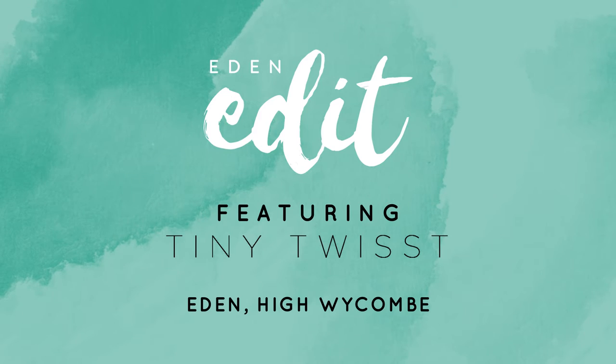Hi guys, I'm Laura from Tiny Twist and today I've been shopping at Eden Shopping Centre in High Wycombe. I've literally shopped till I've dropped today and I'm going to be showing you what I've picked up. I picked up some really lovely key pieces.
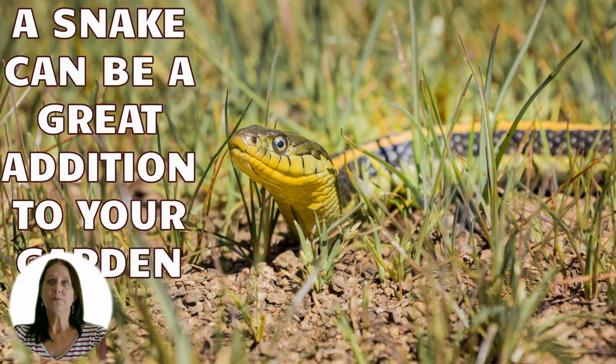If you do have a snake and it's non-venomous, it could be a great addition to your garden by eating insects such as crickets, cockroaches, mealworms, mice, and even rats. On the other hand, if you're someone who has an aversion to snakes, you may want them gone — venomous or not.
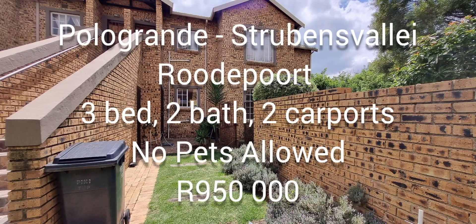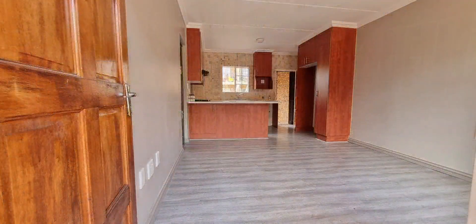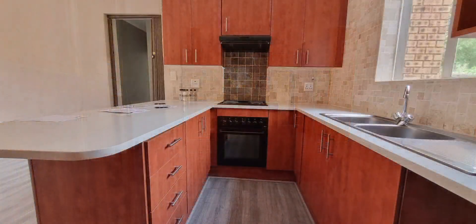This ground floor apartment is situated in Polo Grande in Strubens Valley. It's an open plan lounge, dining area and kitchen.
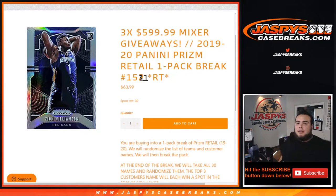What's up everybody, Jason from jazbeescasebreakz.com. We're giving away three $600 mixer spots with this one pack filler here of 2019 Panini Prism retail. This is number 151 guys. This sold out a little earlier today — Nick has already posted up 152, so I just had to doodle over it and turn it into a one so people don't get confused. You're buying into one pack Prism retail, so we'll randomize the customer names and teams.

◆ **What you will do**:
For this exercise, copy each line of the data above exactly, from the first through the line containing "This ground floor", and drop the pictures.

◆ **Task solution**:
Hi guys, I'm Laura from Tiny Twist and today I've been shopping at Eden Shopping Centre in High Wycombe. I've literally shopped till I've dropped today and I'm going to be showing you what I've picked up. I picked up some really lovely key pieces.
If you do have a snake and it's non-venomous, it could be a great addition to your garden by eating insects such as crickets, cockroaches, mealworms, mice, and even rats. On the other hand, if you're someone who has an aversion to snakes, you may want them gone — venomous or not.
This ground floor apartment is situated in Polo Grande in Strubens Valley. It's an open plan lounge, dining area and kitchen.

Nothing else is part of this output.